Crown Resorts CEO Ciaran Carruthers did not break any regulations or laws when he allowed two patrons back into the Crown Melbourne casino after they had been ejected by security. That’s according to an internal investigation by Crown into its boss’ conduct, The Australian Financial Review (AFR) reports.
Crown Resorts CEO Ciaran Carruthers wasn’t breaking the rules when he reinstated a patron who had been banned for bringing a minor onto the gaming floor, according to an internal review. (Image: Crown Resorts)
On one occasion, Carruthers is alleged to have readmitted a customer who had been 86’d from the casino and banned for a year for bringing a minor onto the gaming floor. On another occasion, he intervened to allow a drunk patron to remain in the casino after security had asked him to leave.
Carruthers was one of several veteran casino executives installed by US private equity giant Blackstone after it acquired James Packer-controlled Crown Resorts in 2022.
The takeover was accelerated by a regulatory investigation that resulted in the revocation of Crown’s New South Wales gambling license.

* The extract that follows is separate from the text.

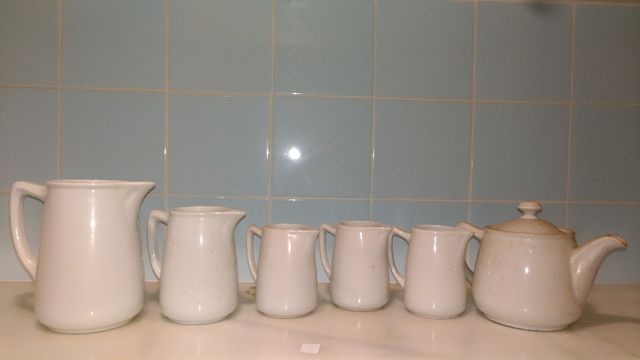 Juego de 5 Jarras y 1 Terera antiguas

According to the inquiry, the company had facilitated money laundering and pursued commercial relationships with junket operators with links to triads. Packer was singled out for having a “deleterious impact on the governance of Crown Resorts.”
A similar investigation in Victoria found the company unsuitable to hold a gaming license for its flagship Crown Melbourne but gave it time to overhaul its operational shortcomings.
Carruthers’ appointment was part of a drive by the new owners to clean up the company’s reputation.
Crown wasn’t taking any chances this time and hired two law firms to conduct the internal investigation, which was prompted by a whistleblower’s complaint against the CEO in December.
‘Culture of Raising Concerns’
In a note to all staff seen by AFR, Crown chairman Bill McBeath said Thursday that while Carruthers had been cleared of wrongdoing, the board had started a wider review of the company’s policies and protocols. This would “ensure clearer lines of authority and accountability over operational decision-making in our properties,” he explained.
McBeath added that he wanted to create “a culture of raising concerns” and that “speaking up is of great importance.”
On Thursday, the Victorian Gambling and Casino Control Commission (VGCCC) said it was satisfied with the results of the internal investigation.
The regulator is still assessing Crown’s suitability to operate the Melbourne casino and a decision is expected in April.
Before joining Crown Resorts, Carruthers was COO at Wynn Macau. Prior to that, he was the Senior VP and Director of the Venetian and Plaza Operations for Sands China.